Quote from BigFunky:
I have noticed that you make this sort of statement quite often, and I'm not sure whether you do mean it literally and are a bit confused on what's happening or mean it figuratively - but in the least I think it may be confusing to those people reading who don't know any better.
I just want to point out that the CPU is not sitting idly by while the ram is taking care of the rest, the CPU is doing everything.
For running most trading software, as being discussed, when you start up an application you see a spike in the CPU usage as it loads the program and sets everything up. The CPU usage then drops right down again, not because the ram has taken over, but simply because there is much less to do. That is, running the program is much less demanding than the initial loading.

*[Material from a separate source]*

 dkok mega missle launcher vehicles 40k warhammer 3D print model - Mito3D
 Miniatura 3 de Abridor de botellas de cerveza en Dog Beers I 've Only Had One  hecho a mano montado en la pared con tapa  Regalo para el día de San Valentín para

When the program is running, typically tick information comes in from the broker, the CPU places it in ram for ready access, and potentially also stores it on the hard drive. The CPU then updates the chart based on the parameters of the charting program. The ram does nothing but act as a storage box, because that is all it does and can do. All functions, executables, instructions, or whatever you want to call the demands of the program being run, are performed by the CPU. The reason the CPU usage is so low most of the time is because it has little to do. Charting programs are easy to run and take little of the CPU's time (except maybe wildly inefficient Java based charts like TWS).
Basically what I'm getting at is that nothing runs from ram - not in the sense that the ram runs the program while the CPU waits. The only instructions that aren't executed by the CPU are performed by the GPU in particular circumstances when it can, like 3d graphics and some video encoding/decoding.